Could you please output only the lines from the one holding "YL65.BLK_packshot_3.68a63ff1" through the end of the listing below, exactly as written and without pictures?

● Source data
-=-=-
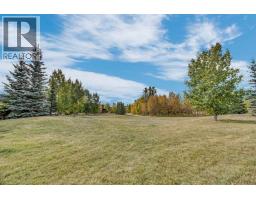 212 Walden Drive SE - photo 34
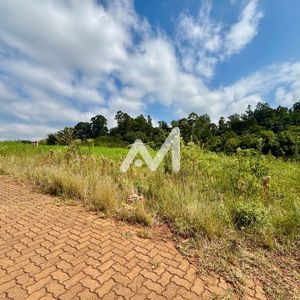 Terreno no bairro Eleonora Haenssgen em Cruzeiro do Sul para Comprar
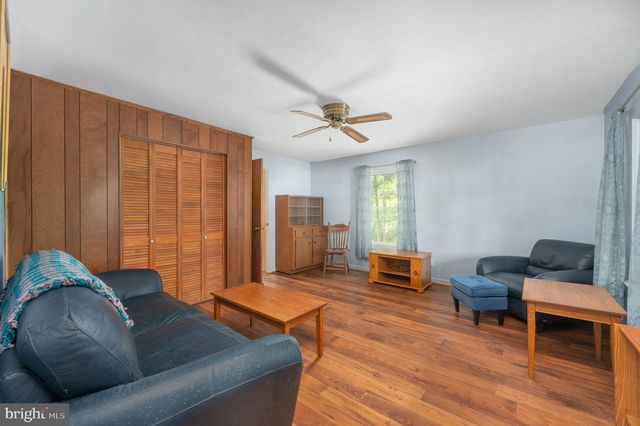 13641 FARMER DR, Woodford, VA 22580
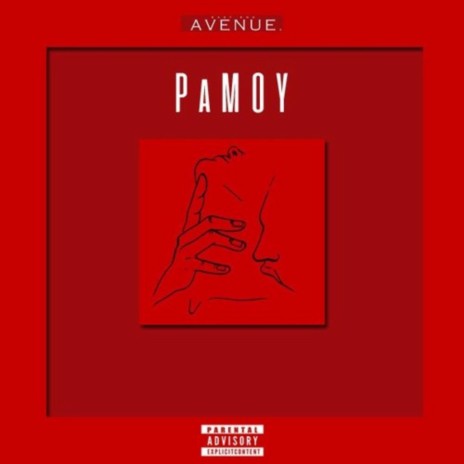 PAMOY | Boomplay Music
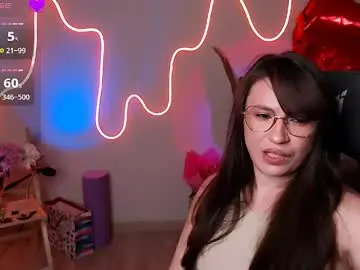 Chaturbate Adult Webcams of care_sensual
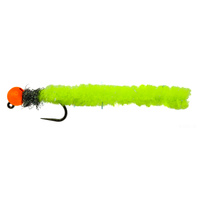 Mikrojig Mop Maciej Ka. Baits 3,8cm 0,5g MP8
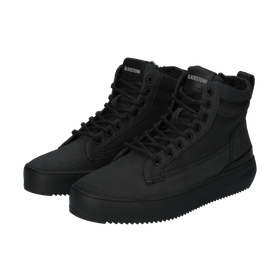 YL65.BLK_packshot_3.68a63ff1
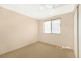 24 Barwon Street, Murrumba Downs QLD 4503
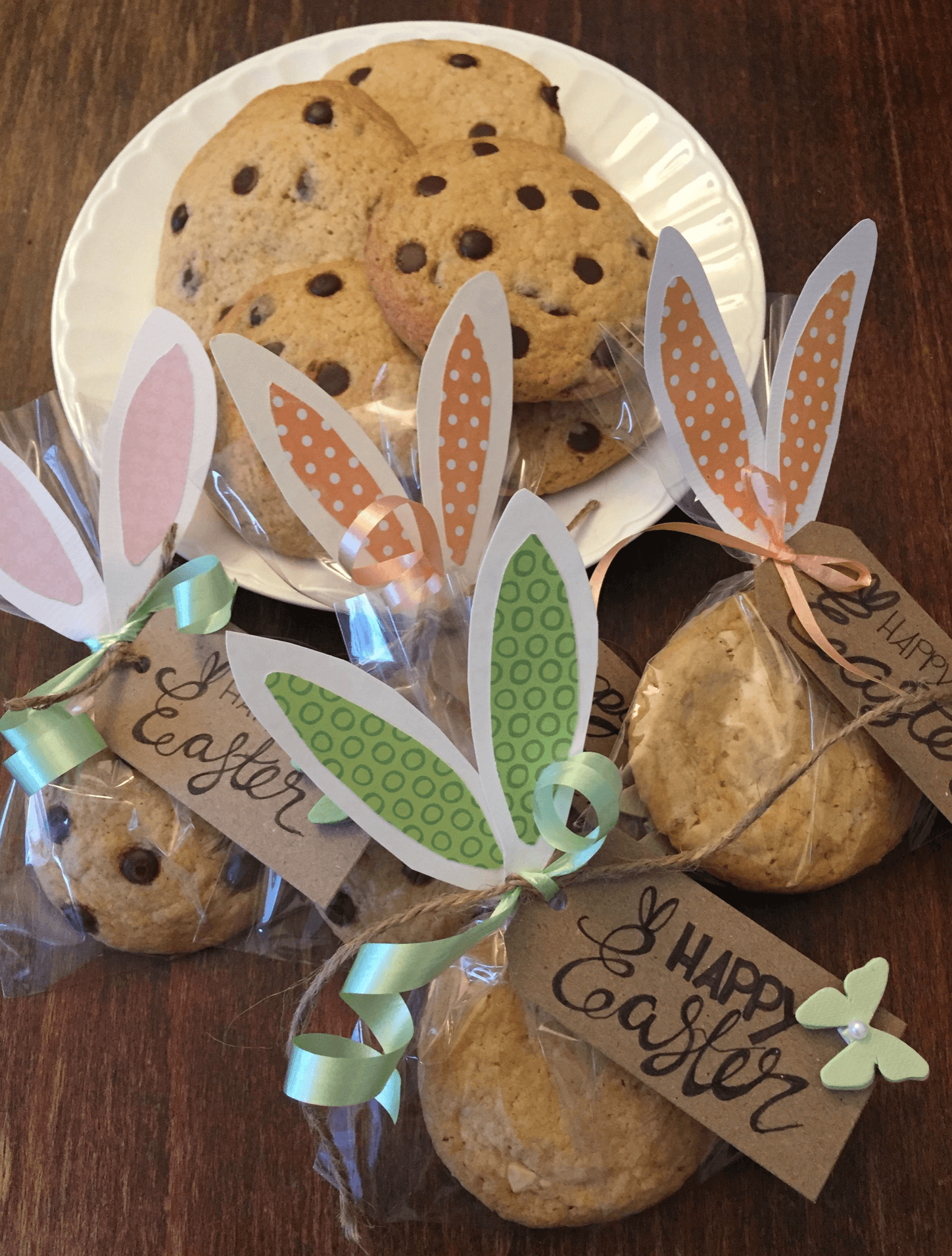 Onde Comprar Lembrancinhas de Páscoa Baratas para Grandes Quantidades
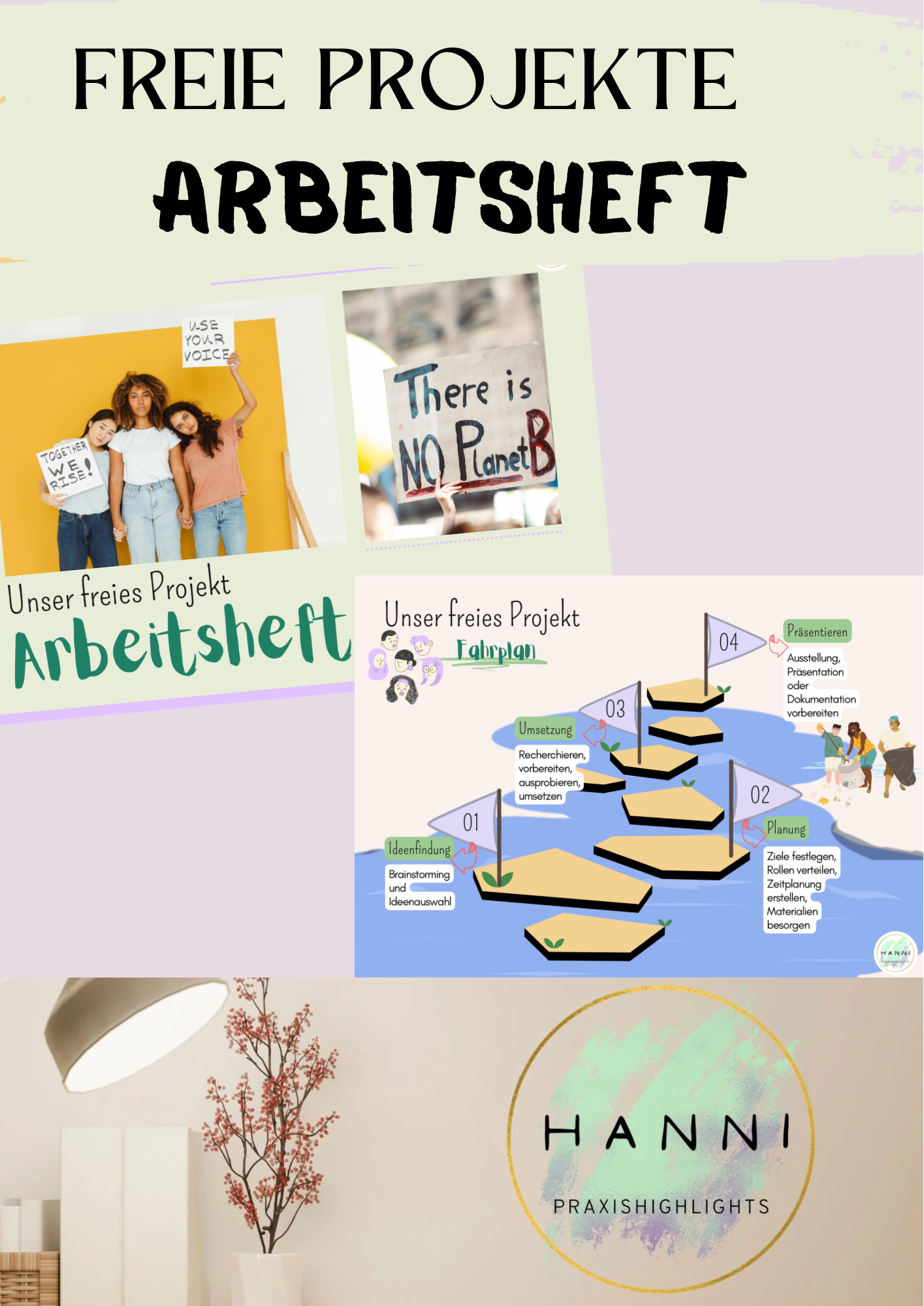 643b9e3c-9cdc-4a0a-8571-66b077de52e4.png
-=-=-
● Reply to the exercise
 YL65.BLK_packshot_3.68a63ff1
 24 Barwon Street, Murrumba Downs QLD 4503
 Onde Comprar Lembrancinhas de Páscoa Baratas para Grandes Quantidades
 643b9e3c-9cdc-4a0a-8571-66b077de52e4.png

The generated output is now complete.